I reckon the FTSE 100 is a great place to find relatively stable dividend payers. Many of these leading shares have a long history of paying regular income to shareholders. And the very best ones also manage to grow their payments over time.
Buying the index
So if I’ve got £10,000 to invest in FTSE 100 shares, how best could I potentially earn a passive income for life? One option is for me to use the whole amount to buy an index tracker. The average FTSE 100 dividend yield is currently 3.5%, so I could expect an annual passive income of £350.
In addition, the value of the shares could rise over time. For instance, over the past 10 years, the FTSE 100 index has grown by 30%. That’s not to say that the next decade will result in the same. Recent history can be a poor guide to future returns. That said, I’m optimistic about business growth over the coming years. Companies tend to find a way to innovate and thrive. And those that aren’t able to will decline and eventually could drop out of the index.
Top FTSE 100 picks
Apart from investing in the index, I could buy individual shares instead. With some research, I could pick and choose a selection of companies I’d like to invest in. Many FTSE 100 shares carry a dividend yield greater than the average.

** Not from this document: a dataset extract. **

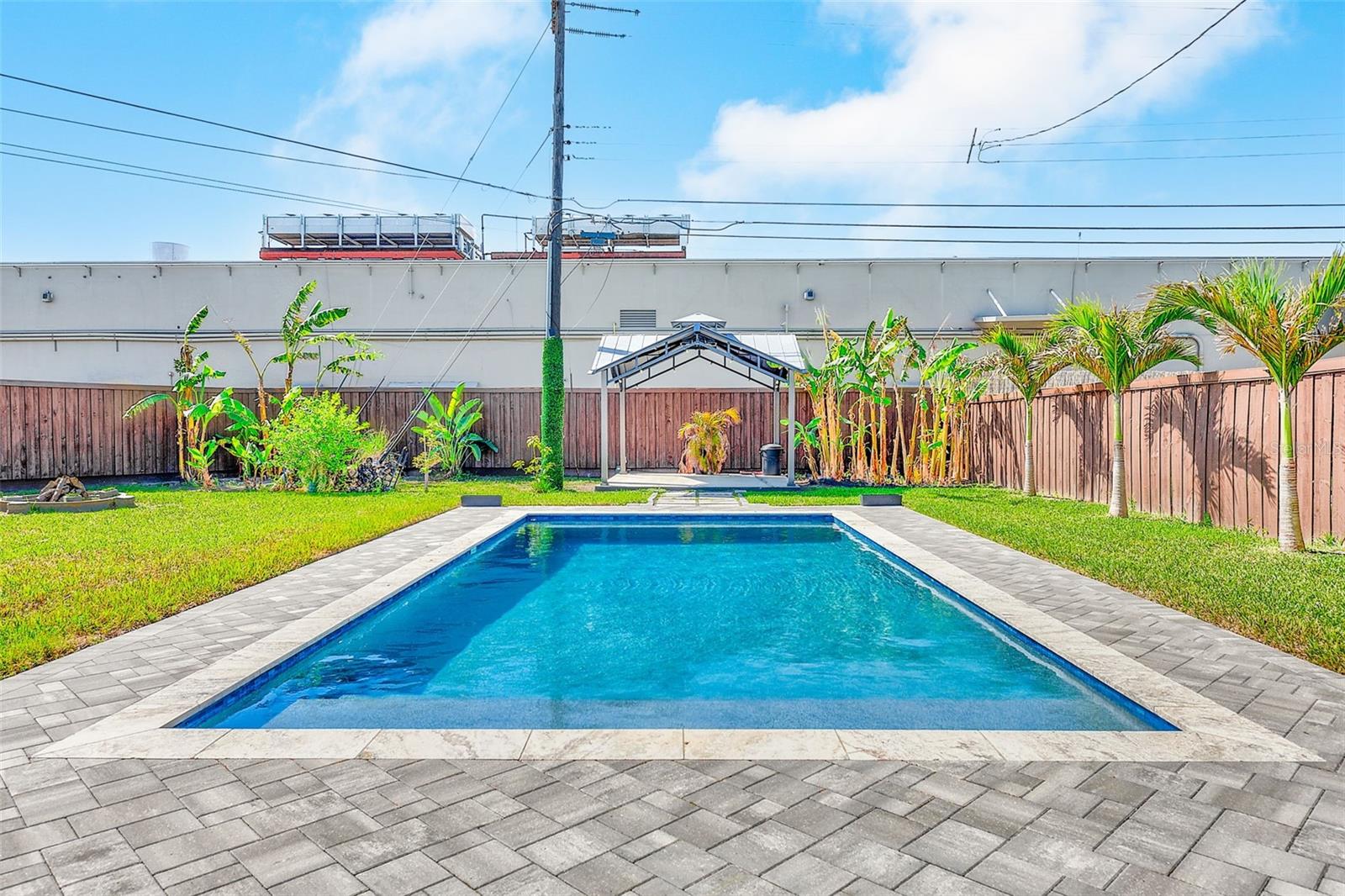 1026 Meadowlawn Drive, FL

For instance, both Persimmon and Rio Tinto currently yield a market-busting 10%. These companies are high-quality businesses that I’d happily invest in for my long-term portfolio.
That said, I’d be cautious in just looking for large dividend yields. High dividend-yielding shares might not be able to sustain such payments. But in this example, both shares have a long history of earnings growth and I’m comfortable regarding their prospects over the coming years.
Defensive options
I’d also diversify my options across several sectors. Both Persimmon and Rio are relatively cyclical. So they tend to perform best in a strong economy. But I think it’s important to own some defensive shares too.
As such, I’d consider Imperial Brands and SSE for my defensive picks. Imperial yields 9% and has a 25-year history of paying consistent dividends. Historically, its earnings growth has been lacklustre. But I’d still like to own it for its reliable and relatively stable income.
SSE yields 5% and has consistently been paying dividends for almost three decades. It operates in an area that I’d like to have exposure to – renewable energy. As the leading generator of renewable electricity in the UK, SSE could be in prime position to capitalise on this global megatrend.
Reinvesting dividends
I would consider splitting my £10,000 investment equally between these four shares. By doing so, I could achieve an average dividend yield of 8.5%. That should give me an £850 annual passive income.
Finally, if I reinvest these dividends and buy more shares every year, I could benefit from the wonders of compounding. That should result in a much larger pot over time.